Sunday, May 22, 2005

American Model of Public Schools Needs to be Kept Intact

American public education makes for an easy target for America’s woes. How often do we hear or read that American schools are in shambles, that our kids are not learning, that rather large minority student achievement gaps exist, or that we are falling behind the world in education. There is some merit to these complaints and claims, but on the flip side, like most things, there is also some good that comes from our public schools. For instance, our top science and math students can and do hold their own in international competition (last year, for example, the U.S. Physics Team won in international competition), we have the highest worker productivity in the world, record numbers of students are taking AP exams in high school, and the U.S. has one of the highest literacy rates in the world .

One aspect of our education system that is often overlooked is the amount of freedom students have, compared to students in other countries, to choose courses both in high school and college. Sure, there are graduation requirements in core subjects such as English, math, science, social studies and history. But there is also the choice of electives that we can take advantage of to pursue personal interests or to check out because of curiosity that forms a major strength of our education system. The U.S. does not presently require high-stakes testing that determines a career path or college choice. Even colleges look beyond SAT or ACT exams in a more portfolio-based admissions process.

This is not the case in other Western, industrialized nations or many Asian/Pacific nations, however. In Germany, for example, those students who will go on to the university are identified by the 4th grade year of school. The same type of national curriculum and/or exam and relatively early determination of the path an individual student is to take is done in Great Britain, France, Russia, Japan, China, Singapore, and others. The results of a single exam or impressions of academic ability at a relatively early age largely determine the future of children in those countries. As an educator, this educational model disturbs me because I have seen firsthand numerous examples of students who are highly intelligent, but have test anxiety or work slowly to ensure they are correct, and these types of students do not do as well as they should on standardized exams. I know of many other young scholars who simply did not mature intellectually until their junior or senior year of high school, or even later in college, and then they were well on their way to successful careers in technical fields. If the U.S. had a similar system in place as the other countries mentioned above, these bright minds may very well have been stuck in a lower tier school or career, and the talents and potential contributions to society they may have made would never have a chance to be realized.

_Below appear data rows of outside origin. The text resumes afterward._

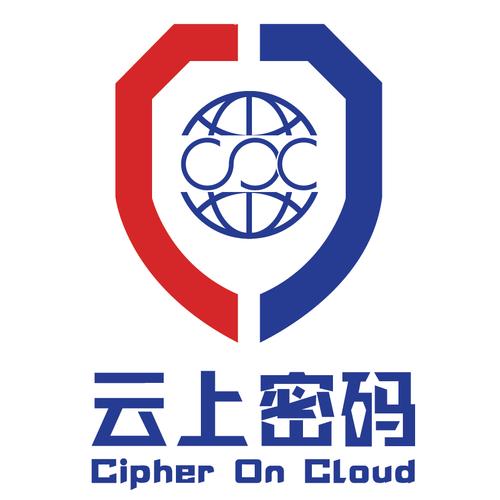 云上译码最新版本游戏截图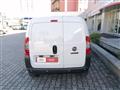 FIAT FIORINO 1.3 MJT 95CV Cargo SX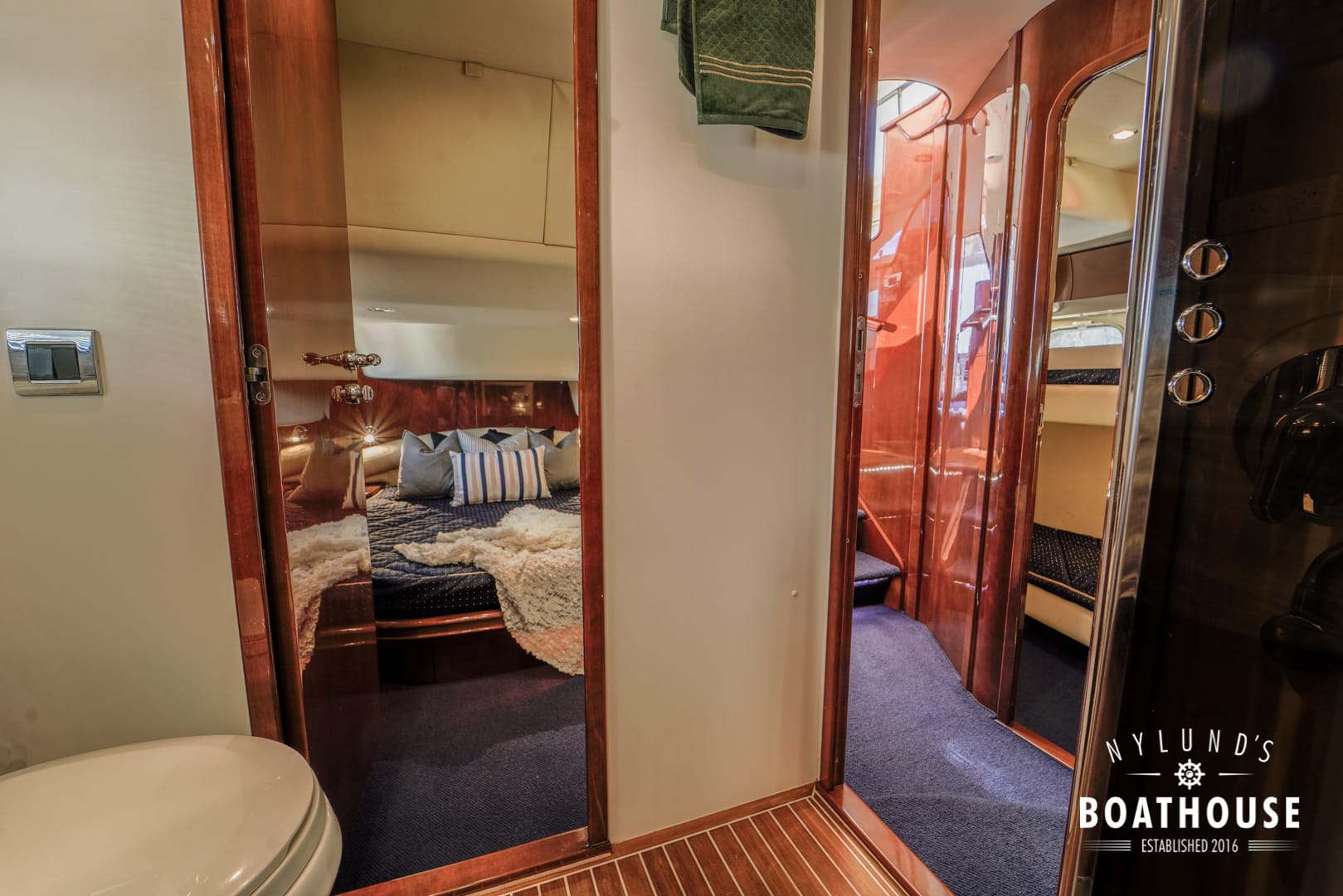 Princess 50 - Image 16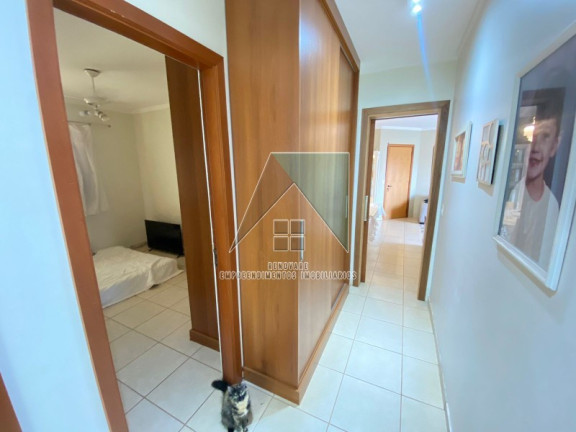 Imagem Apartamento com 4 Quartos à Venda, 115 m² em Bosque Das Juritis - Ribeirão Preto Imagem Apartamento com 4 Quartos à Venda, 115 m² em Bosque Das Juritis - Ribeirão Preto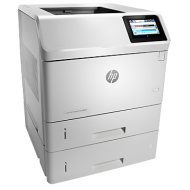 Принтер HP LaserJet Enterprise M606x (E6B73A)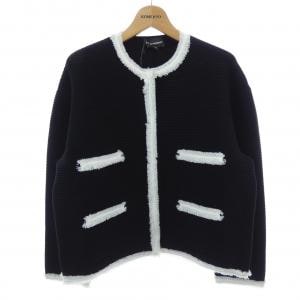 エンポリオアルマーニ EMPORIO ARMANI ジャケット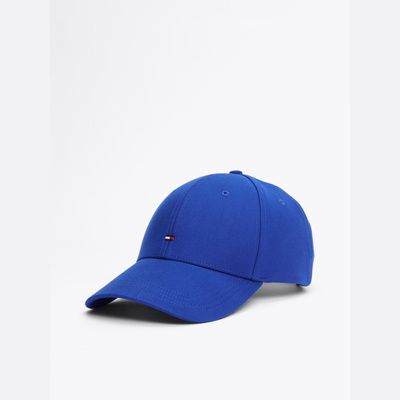 Product colour: royal blue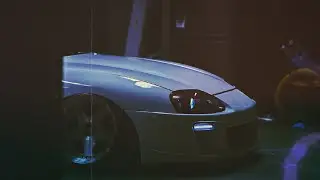 deadsouls - Your Tears ❌ Phonk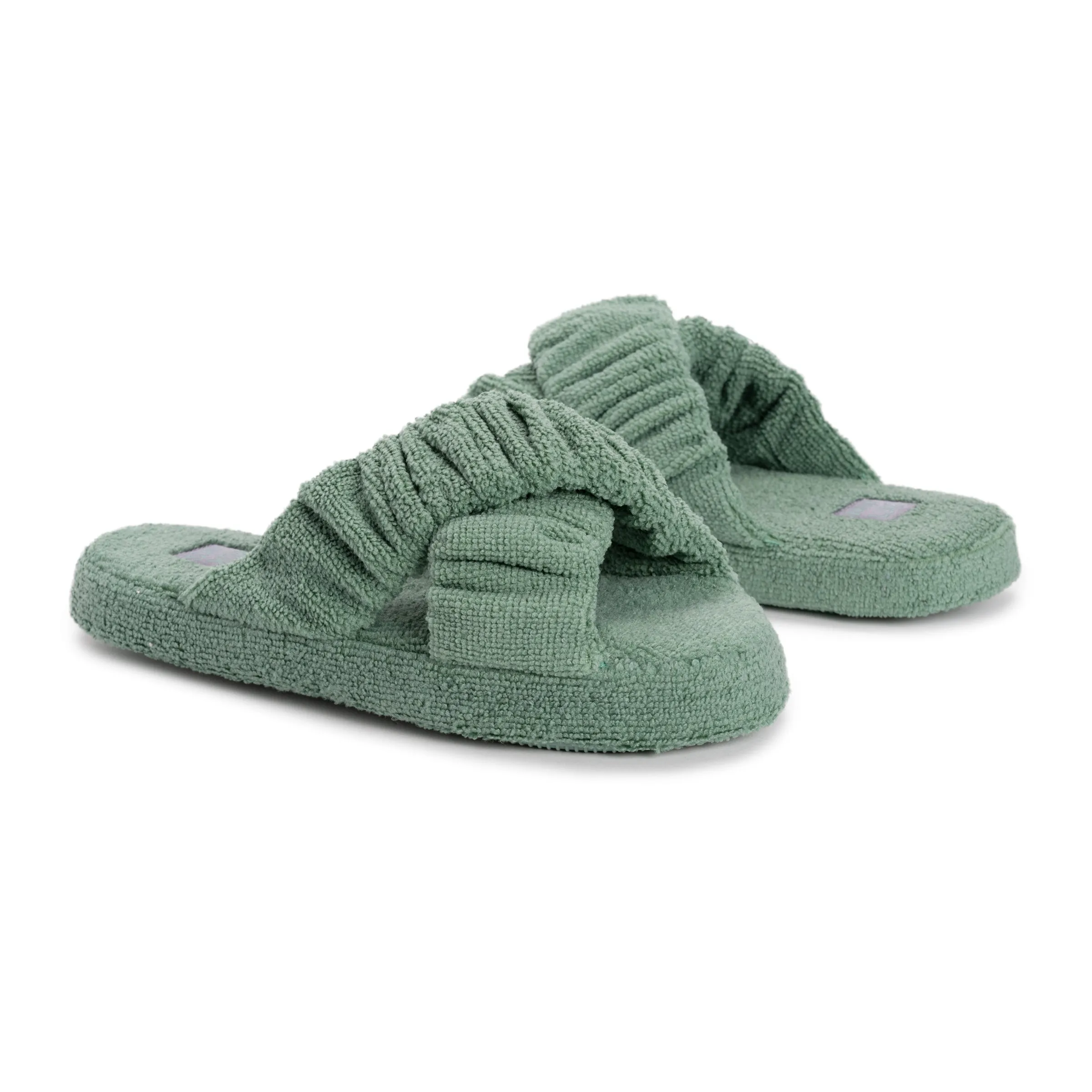 Women's Maelle Slipper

With the high-stakes testing brought about by the No Child Left Behind (NCLB) law, I do have fears of a national testing system that parallels much of Europe and Asia. Whether or not this is part of the right’s agenda, I know it would be a terrible mistake to edge closer to those other models. We need academic freedom for all students, so they may discover and learn about the areas of study they love and are competent in, even if it takes one a little longer than the average. The Harvard educator Howard Gardner developed the theory of multiple intelligences back in 1983, and I am a firm believer in the concept behind his theory (although I would replace the word ‘intelligence’ with ‘competency’). Whatever the language, I think each of us knows we have certain strengths in some subjects and are noticeably weaker in other areas of study. But in the U.S. we have a chance to be exposed to all areas of study throughout our school years. We have the freedom to choose whether we pursue the sciences, math, languages, athletics, the arts, or other non-academic paths after high school. We discover what our ‘intelligences’ are and then pursue them, or perhaps even work and gain experience in other areas we are weaker in. Many nations do not allow their students these same options, at least not to the same extent as American students. In my mind the American public education model, even with the obvious problems that exist, has played a significant and overlooked role in our development as a superpower, because individuals choose what paths they take rather than the state, based on some exam result (it is interesting to note that the Brits, as of this year, are beginning to allow more personalization and breadth in their high school equivalent grades, as stated in an Education White Paper, perhaps influenced by the American model). Maintaining and strengthening our public education system is therefore vital to the future of the U.S. Without it and the academic freedom built into the system, I am convinced we will run the risk of losing our status and place as a global leader.